Un altro risvolto della sua professione è quello di manager. Ce lo racconta?
Nelle band passate scrivevo e arrangiavo parte dei pezzi. Mi hanno insegnato a fare gruppo. Io fondamentalmente sono un passionale, una persona molto diretta, a volte rude, un “orso” come vengo soprannominato da anni. Ma se c’è qualcosa che non va, te lo dico. Ho conosciuto Laura Pirri suonando musica anni Ottanta, lei è una incredibile cantante soul e gospel. È pazzesca. Io venivo dal rock, ma mi sono fidato e mi sono buttato. Mi ha insegnato tantissime cose, ha un incredibile talento ma è timida dal lato manageriale. Così ho cominciato a lavorarci su, da questo punto di vista. Nel corso degli anni, ho lavorato come commerciale e venditore, così ho studiato il mercato. Ora con l’avvento dei social tante attività sono diventate importanti, devi avere una pagina Facebook attiva. Ho imparato la lezione e ho sfruttato quelle conoscenze. Essere perfetti alle prove, sul palco, i clienti, i contratti. Con Laura ci stimiamo molto a vicenda e siamo molto di stimolo l'uno per l'altra.
Che progetti segue ora?
Ho un lavoro diurno in campo commerciale-tecnico; per la musica attualmente i progetti attivi con Laura, che sono i Whitevoices (ovvero il suo gruppo storico soul-funky-pop), il tributo a Mina (Laura Pirri canta Mina), il tributo ad Adele (Skyfall Adele Project Band), un trio intitolato “Laura Pirri: Jazz vs Soul” stile Post Modern Jukebox. Collaboro con Julian Corradini in arte Julico, cantautore italoargentino molto talentuoso. Sto scrivendo alcuni pezzi per un mio album che non ho fretta di fare uscire perché prima deve vedere la luce il primo cd di inediti di Laura Pirri che è attualmente in lavorazione.

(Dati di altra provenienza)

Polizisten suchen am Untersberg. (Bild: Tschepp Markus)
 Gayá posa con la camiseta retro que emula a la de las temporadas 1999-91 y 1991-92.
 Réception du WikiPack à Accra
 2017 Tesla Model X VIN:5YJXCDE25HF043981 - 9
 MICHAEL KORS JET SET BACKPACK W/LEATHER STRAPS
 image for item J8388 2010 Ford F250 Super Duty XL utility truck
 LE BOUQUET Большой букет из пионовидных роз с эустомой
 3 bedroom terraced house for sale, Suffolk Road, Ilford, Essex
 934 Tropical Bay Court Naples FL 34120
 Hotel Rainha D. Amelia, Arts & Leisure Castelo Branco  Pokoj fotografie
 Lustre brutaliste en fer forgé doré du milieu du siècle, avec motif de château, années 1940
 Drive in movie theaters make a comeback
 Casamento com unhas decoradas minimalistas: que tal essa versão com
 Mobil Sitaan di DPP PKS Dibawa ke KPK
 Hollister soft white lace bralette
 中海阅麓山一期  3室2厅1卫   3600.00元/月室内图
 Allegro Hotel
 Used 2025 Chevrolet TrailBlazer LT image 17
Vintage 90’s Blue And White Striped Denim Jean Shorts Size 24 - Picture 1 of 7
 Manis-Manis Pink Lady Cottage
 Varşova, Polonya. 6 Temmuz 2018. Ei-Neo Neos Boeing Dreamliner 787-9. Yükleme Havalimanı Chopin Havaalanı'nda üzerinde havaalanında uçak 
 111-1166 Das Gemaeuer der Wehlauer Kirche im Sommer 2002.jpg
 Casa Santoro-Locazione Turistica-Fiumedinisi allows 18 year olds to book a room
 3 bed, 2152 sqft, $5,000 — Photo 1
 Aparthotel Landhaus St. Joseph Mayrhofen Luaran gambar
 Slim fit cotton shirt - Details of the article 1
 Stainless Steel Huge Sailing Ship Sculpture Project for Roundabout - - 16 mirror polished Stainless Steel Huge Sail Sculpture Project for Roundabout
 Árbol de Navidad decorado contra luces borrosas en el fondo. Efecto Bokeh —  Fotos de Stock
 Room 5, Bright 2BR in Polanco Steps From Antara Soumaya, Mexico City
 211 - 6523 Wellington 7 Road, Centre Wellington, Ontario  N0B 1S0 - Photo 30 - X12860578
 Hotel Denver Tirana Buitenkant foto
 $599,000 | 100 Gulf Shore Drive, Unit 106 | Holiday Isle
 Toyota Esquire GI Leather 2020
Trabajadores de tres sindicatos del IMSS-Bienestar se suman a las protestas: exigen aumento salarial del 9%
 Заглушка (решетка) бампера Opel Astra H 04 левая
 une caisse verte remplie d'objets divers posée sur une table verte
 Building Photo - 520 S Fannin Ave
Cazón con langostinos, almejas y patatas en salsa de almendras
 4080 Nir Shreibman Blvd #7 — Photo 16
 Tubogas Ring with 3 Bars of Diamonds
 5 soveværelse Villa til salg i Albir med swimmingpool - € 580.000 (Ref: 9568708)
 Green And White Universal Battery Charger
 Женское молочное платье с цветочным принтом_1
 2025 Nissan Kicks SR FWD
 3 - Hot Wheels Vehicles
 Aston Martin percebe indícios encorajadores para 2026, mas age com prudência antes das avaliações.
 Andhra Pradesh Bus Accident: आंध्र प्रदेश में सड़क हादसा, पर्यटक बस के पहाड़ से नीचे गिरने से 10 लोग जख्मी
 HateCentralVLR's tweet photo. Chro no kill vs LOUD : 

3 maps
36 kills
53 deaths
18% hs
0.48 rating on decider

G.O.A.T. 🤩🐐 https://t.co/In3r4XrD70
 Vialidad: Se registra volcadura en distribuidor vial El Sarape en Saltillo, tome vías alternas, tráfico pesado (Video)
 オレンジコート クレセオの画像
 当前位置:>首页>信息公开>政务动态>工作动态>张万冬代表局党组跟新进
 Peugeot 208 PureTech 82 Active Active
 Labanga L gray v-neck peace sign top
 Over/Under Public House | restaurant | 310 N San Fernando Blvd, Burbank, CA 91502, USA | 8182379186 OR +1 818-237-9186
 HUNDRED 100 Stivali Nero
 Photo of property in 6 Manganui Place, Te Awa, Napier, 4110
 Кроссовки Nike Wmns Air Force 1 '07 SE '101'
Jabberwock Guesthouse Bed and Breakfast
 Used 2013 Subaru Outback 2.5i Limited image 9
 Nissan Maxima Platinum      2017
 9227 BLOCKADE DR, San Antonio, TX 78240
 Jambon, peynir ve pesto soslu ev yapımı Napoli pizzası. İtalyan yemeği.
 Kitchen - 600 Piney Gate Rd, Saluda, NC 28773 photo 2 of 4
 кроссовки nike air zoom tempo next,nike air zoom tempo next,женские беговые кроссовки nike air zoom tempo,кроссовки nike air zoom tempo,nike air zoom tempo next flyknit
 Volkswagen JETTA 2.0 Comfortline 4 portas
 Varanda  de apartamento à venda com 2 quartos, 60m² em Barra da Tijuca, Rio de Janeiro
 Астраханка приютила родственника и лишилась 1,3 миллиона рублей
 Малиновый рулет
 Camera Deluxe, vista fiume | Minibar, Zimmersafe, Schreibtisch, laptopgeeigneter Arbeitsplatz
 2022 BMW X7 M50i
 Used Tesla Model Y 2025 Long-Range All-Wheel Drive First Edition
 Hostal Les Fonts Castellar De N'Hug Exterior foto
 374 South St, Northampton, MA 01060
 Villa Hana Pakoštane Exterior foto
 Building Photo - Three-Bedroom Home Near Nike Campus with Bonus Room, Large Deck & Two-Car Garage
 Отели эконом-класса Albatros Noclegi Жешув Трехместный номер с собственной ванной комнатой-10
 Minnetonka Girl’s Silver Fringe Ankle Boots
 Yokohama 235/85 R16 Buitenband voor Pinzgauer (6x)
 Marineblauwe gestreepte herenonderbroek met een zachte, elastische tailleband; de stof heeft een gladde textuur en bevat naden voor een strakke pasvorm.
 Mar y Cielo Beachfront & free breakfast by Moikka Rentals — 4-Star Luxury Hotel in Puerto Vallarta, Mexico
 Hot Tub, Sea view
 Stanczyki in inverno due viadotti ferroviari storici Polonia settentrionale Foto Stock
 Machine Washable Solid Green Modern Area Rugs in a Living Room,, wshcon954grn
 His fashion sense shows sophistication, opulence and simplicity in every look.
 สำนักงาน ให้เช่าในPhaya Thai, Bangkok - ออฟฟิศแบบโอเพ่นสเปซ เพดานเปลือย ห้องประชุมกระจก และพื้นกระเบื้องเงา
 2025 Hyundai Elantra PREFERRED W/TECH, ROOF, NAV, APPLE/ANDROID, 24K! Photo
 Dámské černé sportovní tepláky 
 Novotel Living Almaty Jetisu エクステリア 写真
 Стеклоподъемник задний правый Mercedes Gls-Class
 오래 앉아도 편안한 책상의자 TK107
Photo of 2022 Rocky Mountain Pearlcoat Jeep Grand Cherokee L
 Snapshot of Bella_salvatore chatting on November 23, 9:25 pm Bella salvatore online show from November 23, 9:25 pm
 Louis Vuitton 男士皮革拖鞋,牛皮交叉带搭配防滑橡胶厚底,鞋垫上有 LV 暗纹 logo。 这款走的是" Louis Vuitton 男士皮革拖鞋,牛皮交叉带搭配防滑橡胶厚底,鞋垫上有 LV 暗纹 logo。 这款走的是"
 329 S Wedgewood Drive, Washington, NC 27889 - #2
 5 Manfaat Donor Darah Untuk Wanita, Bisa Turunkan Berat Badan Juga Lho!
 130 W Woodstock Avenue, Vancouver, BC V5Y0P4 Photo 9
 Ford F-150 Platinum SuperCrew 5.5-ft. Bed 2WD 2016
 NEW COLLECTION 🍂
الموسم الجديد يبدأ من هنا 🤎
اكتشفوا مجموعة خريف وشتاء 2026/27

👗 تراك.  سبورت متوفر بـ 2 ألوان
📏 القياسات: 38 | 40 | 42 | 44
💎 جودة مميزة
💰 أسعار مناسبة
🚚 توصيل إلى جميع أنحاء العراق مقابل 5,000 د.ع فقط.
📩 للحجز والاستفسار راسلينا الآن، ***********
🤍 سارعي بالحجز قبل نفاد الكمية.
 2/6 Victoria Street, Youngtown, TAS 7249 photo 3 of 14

Ha altre passioni oltre alla musica?
Ho questa indole ascetica per cui non sopporto molto i luoghi affollati. Sembra assurdo ma è così. Prima dei concerti faccio il soundcheck, mangio e mi faccio una camminata di un’ora, un'ora e mezzo. Poi ritorno poco prima di cominciare a suonare. Amo la natura, camminare, scoprire posti nuovi e incontaminati, prendermi del tempo per me. Amo i gatti e ne riempio la casa. Orgoglioso del diploma ottenuto al liceo artistico a Venezia, ho ricominciato da poco a fare sculture con la creta. Sono appassionato di rally, a febbraio c’è una selezione piloti per la scuderia Aci Rally Italia, quindi farò queste selezioni. Poi...chissà! La figata è che tutto è possibile.